Table of contents:

Computational Challenges of Training Learning Models

A significant challenge involved in training computers to learn using machine learning/ deep learning (ML/ DL) is computational power. Running a suite of an experiment on a decent CPU (e.g., a QuadCore i7, with 8GB RAM) can take upwards of 3 hours to days and even weeks for the algorithms to converge and produce a result set.

This computational lag is especially dire because getting a decent result requires several iterations of experiments either to tune the different parameters of the algorithm or to carry out various forms of feature engineering to achieve the desired classifier/ model that generalizes “optimally” to new examples.

The cost of on-premise high-end machines may be untenable for an aspiring ML/ DL practitioner, researcher, or amateur enthusiast. Moreover, the technical operations skill set required to build a cluster of commodity machines running Hadoop might be overwhelming and even sometimes a distraction for the practitioner who wants to delve into the nitty-gritty of ML/ DL.

Figure 1: Frustration of Long Processing Times

The Cloud to the Rescue

The cloud represents a large set of computers that are networked together in groups called data centers. These data centers are often distributed across multiple geographical locations. The size of a group, for example, is over 100, 000 sq ft (and those are the smaller sizes!).

Big companies like Google, Microsoft, Amazon & IBM, have large data centers for the public (i.e., both enterprise and personal users) to leverage at very reasonable prices.

Cloud technology/ infrastructure allows individuals to leverage the computing resources of big business for ML/ DL experimentation, design and development. To illustrate the efficiency of cloud computing, an algorithm with multiple test grids can execute for approximately 10 minutes, whereas the same algorithm can take over 10 hours or more on a local device. So, instead of running on a quad core machine for several hours, if not days, we can leverage thousands of cores to perform the same task for a short period and relinquish these resources after completing the job.

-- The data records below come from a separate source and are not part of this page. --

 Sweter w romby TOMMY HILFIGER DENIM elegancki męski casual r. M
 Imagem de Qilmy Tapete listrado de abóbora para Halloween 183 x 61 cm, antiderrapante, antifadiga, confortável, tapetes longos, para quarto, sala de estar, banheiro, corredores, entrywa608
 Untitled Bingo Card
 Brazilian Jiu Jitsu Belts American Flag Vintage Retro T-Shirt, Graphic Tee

Another key advantage of using the cloud for ML/ DL is the cost-effectiveness. Imagine the cost of purchasing a high-end computational machine, which may or may not be performing the actual job of high-end supercomputing all the time. Alternatively, even consider the “cost” (both time and otherwise) of setting up an on-premise Hadoop infrastructure, which can need constant technical operations attention, and there is the danger of spending more time doing operations than actual analytics processing.

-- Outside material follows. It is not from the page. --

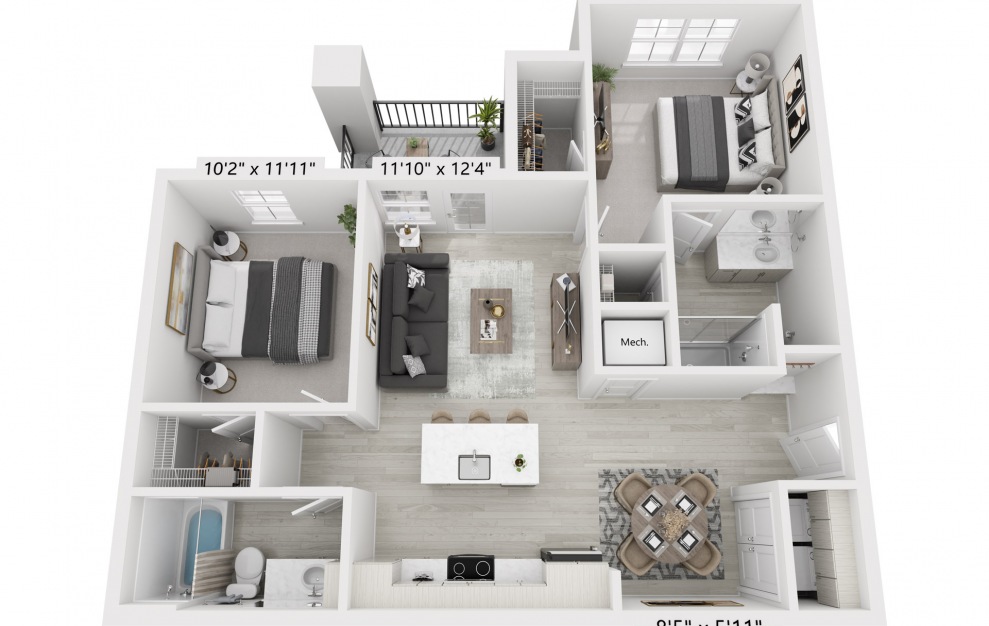 B1A - 2 bedroom floorplan layout with 2 baths and 1010 square feet.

In all the scenarios presented, the cloud comes to the rescue, where thousands of CPUs are available on-demand for turbocharged computing at a very affordable price. The principle is, use the resources needed to get the job done, and relinquish them after use.

Figure 2: Datacenter illustration

Enter Google Cloud Platform

One of the big competitors in the cloud computing space is Google, with their cloud resource offering termed as “Google Cloud Platform” popularly referred to as GCP for short. Google Cloud Platform is a simple, yet powerful, and cost-effective cloud option for performing machine learning.

Google is one of the top technology leaders in the internet space with a variety of web products such as Gmail, Youtube, Google Hangouts, Google Maps, and Google+, to mention just a few. These products generate, store and process tons of Terabytes of data each day from internet users around the world.

To deal with this significant data, Google over the years have invested heavily in processing and storage research and infrastructure. Google as of today boasts some of the most impressive data center design and technology in the world to support their computational demands and computing services.

Google Cloud Platform makes available to the public lighting fast computational speed (it is getting faster!) and high-tech storage capabilities with extremely low latency (meaning minimal delays in data transfer) and high throughput (time taken to complete a job), combined with state-of-the-art networking technology/ infrastructure.

Figure 3: Google Cloud Platform